Doğu’nun Vicdanı Hesap Sorulmasından Yanadır
Afganistan’da 142 kişinin tek seferde öldürülmesini örtbas etmeye çalışan emperyalizm, sadece Alman Askeri ve siyasi bakanların istifası ile bu lekeyi temizleyeceğini düşünüyor. Emperyalizm bunu düşünerek oldukça büyük bir hata yapmaktadır. Batı tarihin her döneminde sömürgeci ve Doğu halklarının katliamcısı olarak anılmış ve her zaman bizlerin vicdanlarında kötünün ve pisliğin kaynağı olarak yer edinmiştir.Almanya’da yaşanan ve Genelkurmay başkanının istifasına kadar giden bu olay ileriki dönemlerde hem Batı hem de Batı işbirlikçisi olan Doğu’da ki iktidarları sarsacak şekilde yayılacağı kanaatindeyiz.Kaldı ki Batı halklarının vicdanının alamadığı bu katliama ve gösterdikleri tepkilere Almanya’da yaşanan istifalar cevap vermemiştir.Doğu’da ise NATO üyesiyim diye övünen Genelkurmay Başkanları ve Siyasi iktidarları nasıl bir şekilde kendi halklarına nasıl cevap verebileceklerini merak ile bekliyoruz.Aslında Müslüman Afganlı kardeşlerimizin katledilmesinden sorumlu olan yetkililerden cevap değil hesap sorulmasından yana olduğumuzda gayet net ve açık bir şekilde ortadadır.Velhasıl bu katliamlar kesinlikle bizim insanımıza ve coğrafyamıza karşı işlenmiştir.

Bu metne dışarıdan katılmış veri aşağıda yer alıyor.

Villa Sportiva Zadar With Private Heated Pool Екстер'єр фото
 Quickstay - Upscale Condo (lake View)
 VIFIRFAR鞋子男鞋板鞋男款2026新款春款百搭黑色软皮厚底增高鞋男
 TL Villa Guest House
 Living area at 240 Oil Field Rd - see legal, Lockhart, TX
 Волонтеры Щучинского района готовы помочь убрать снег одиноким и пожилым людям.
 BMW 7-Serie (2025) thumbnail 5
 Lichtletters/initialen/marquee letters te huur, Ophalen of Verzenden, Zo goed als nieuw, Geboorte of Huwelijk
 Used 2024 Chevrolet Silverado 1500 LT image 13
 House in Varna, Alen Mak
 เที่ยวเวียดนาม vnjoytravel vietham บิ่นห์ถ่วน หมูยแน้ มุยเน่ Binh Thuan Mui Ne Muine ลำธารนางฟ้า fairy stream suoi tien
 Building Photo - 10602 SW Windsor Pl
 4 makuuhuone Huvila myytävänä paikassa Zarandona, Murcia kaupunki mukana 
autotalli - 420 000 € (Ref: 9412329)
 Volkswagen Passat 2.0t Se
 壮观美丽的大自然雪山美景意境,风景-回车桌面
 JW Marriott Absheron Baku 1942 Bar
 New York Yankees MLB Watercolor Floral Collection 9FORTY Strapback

ABD, yeni dönem adını verdiği bu süreçte işgal ettiği bölgelerde işbirlikçi yönetimleri de fiili olarak savaşın içine çekerek muazzam insan kaynaklarının yanı sıra, coğrafi, kültürel, tarihsel vb. tüm imkânlarını kendi yararına (işgal) seferber etmenin yollarını arıyor. Özellikle Afganistanın etkilediği coğrafyada Bu pratik uygulanıyor. ABD Pakistan ve Türkiye’deki yönetimler aracılığıyla kendi yerine onların savaştırılabileceği kanaatini pekiştirdi. Pakistan ordusu şu an o işi yapıyor. ABD'nin isteklerinin sadece Afganistan ile sınırlı olmayıp Türkiye'nin BOP kapsamında ihtiyaç duyulan her yere koşturulacağı, TSK'nin de sıcak çatışmalar da dâhil taşeron haline getirileceği anlaşılıyor.
Afganistan'da direniş ülkenin her yanına yayılmış durumda. Ayrıca bu savaş sadece Afganistan değil Pakistanı’da çerçevelemiş durumdadır. Mesela Pakistan'da NATO birliklerine ikmal yapan araçlara son 2 ayda 2 saldırı düzenlenmiştir Afganistan'da bulunan NATO birliklerine ikmallerin yüzde 70'i Pakistan üzerinden yapılıyor. Bu bile savaşın nasıl ve hangi boyutlara ulaştığının açık bir resmidir. Yani artık savaş yayılmıştır. Taliban’ın zaferi ile sonuçlanması muhtemeldir. Ancak bu savaş kesinlikle sadece Taliban’ın değil Müslüman Halkların savaşıdır. Ve daha yeni başlamıştır.
Kazanan ise Büyük Doğu –Asya olacaktır.